(Stored dataset items)
—————

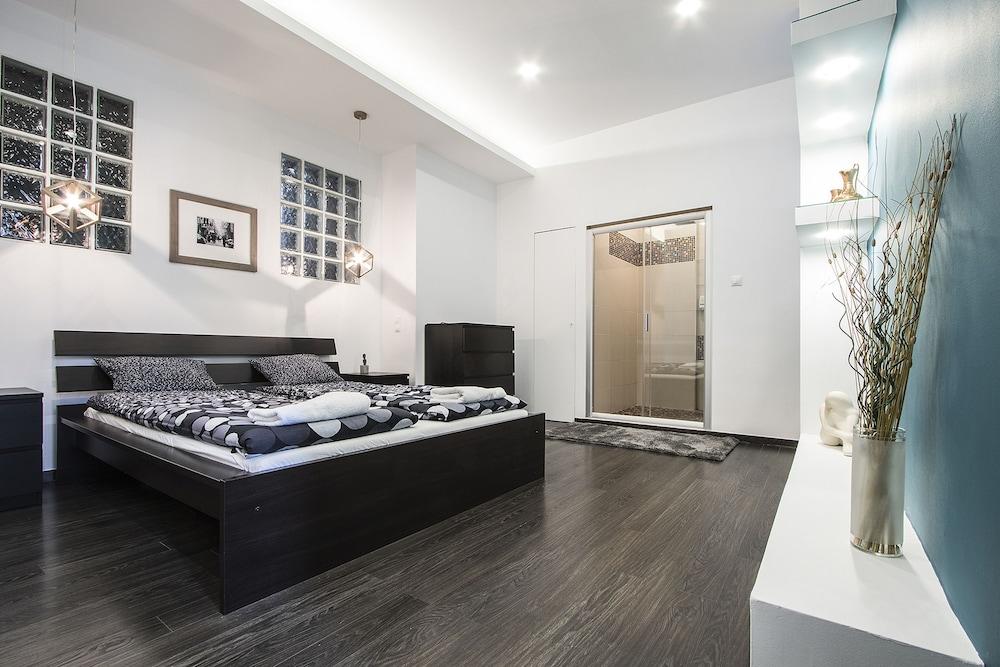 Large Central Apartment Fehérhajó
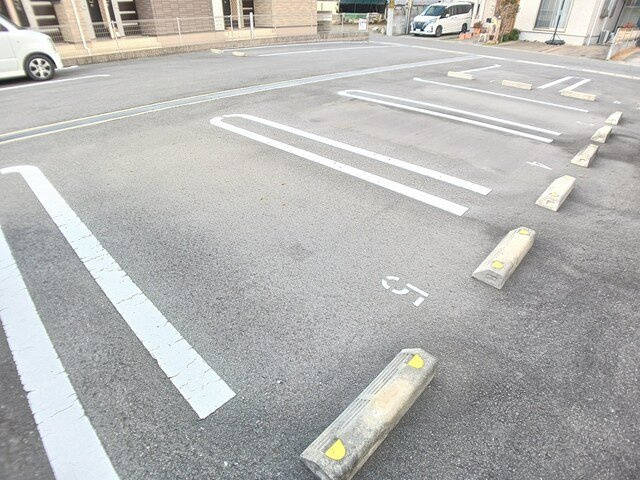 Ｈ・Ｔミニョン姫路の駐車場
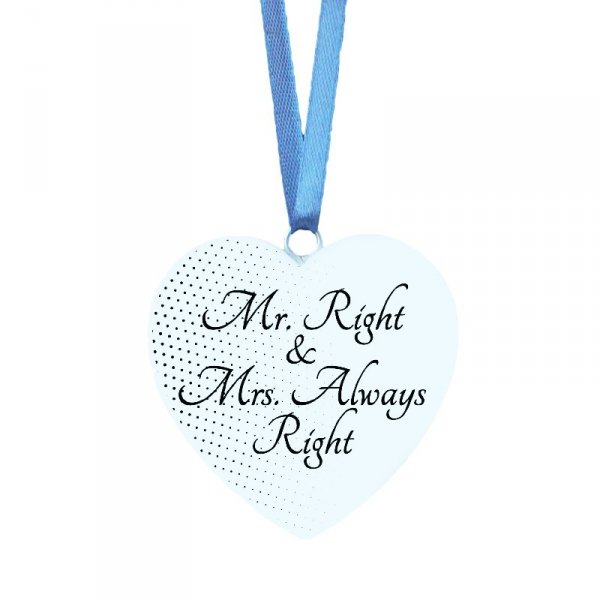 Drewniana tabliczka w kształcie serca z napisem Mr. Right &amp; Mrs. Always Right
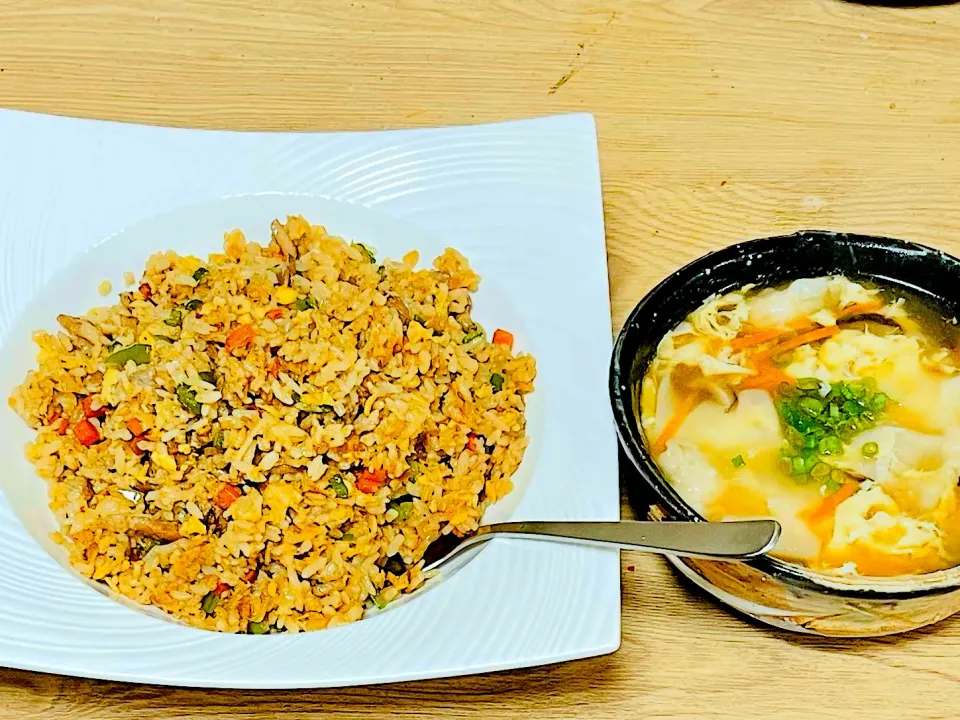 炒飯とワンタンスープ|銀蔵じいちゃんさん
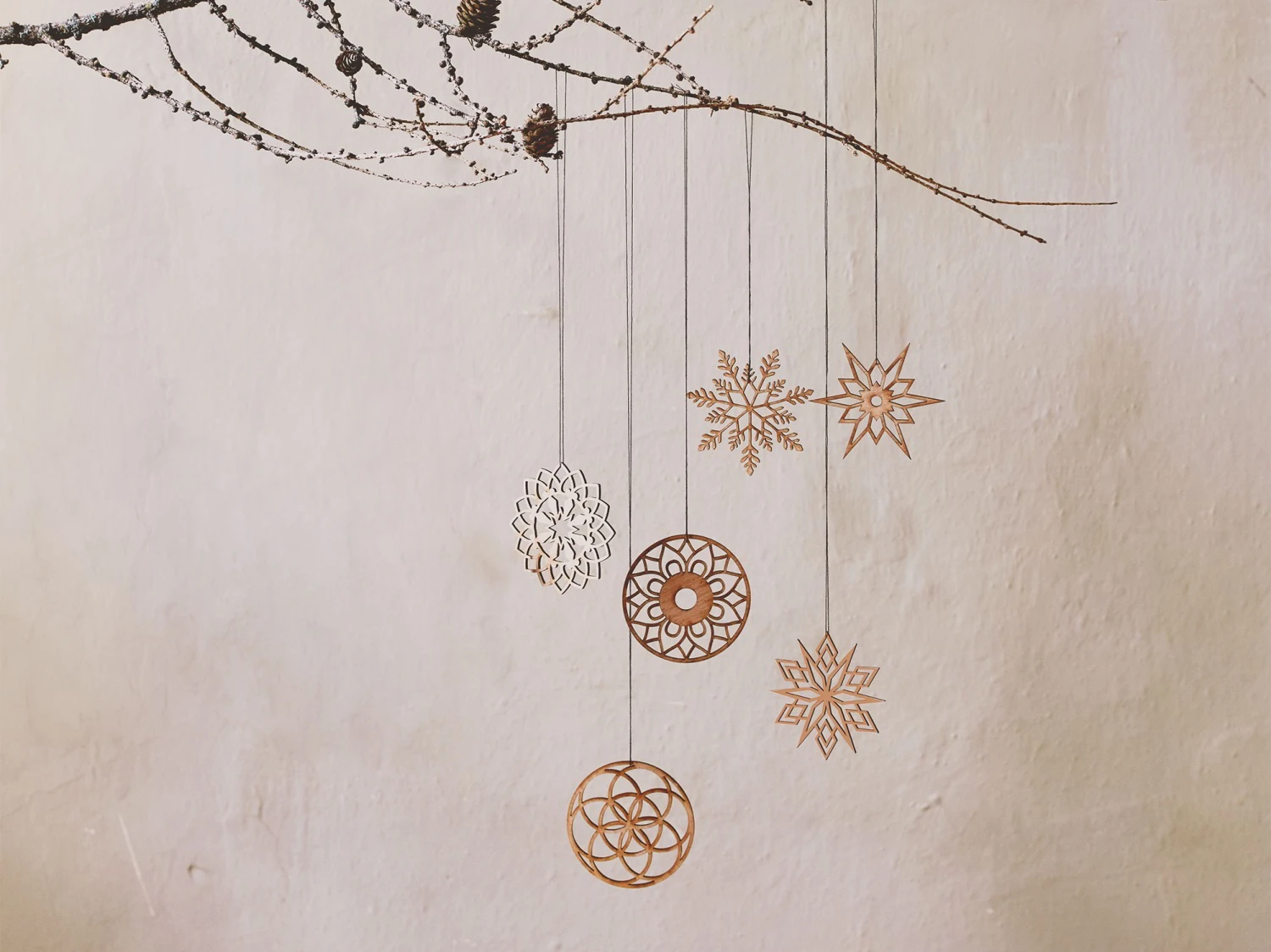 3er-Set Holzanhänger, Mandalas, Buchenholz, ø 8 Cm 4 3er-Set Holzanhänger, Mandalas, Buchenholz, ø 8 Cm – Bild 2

—————

=== What the task asks ===
Keep the pictures out of the copy and write out the data exactly as it stands.

=== Written answer ===
 Large Central Apartment Fehérhajó
 Ｈ・Ｔミニョン姫路の駐車場
 Drewniana tabliczka w kształcie serca z napisem Mr. Right &amp; Mrs. Always Right
 炒飯とワンタンスープ|銀蔵じいちゃんさん
 3er-Set Holzanhänger, Mandalas, Buchenholz, ø 8 Cm 4 3er-Set Holzanhänger, Mandalas, Buchenholz, ø 8 Cm – Bild 2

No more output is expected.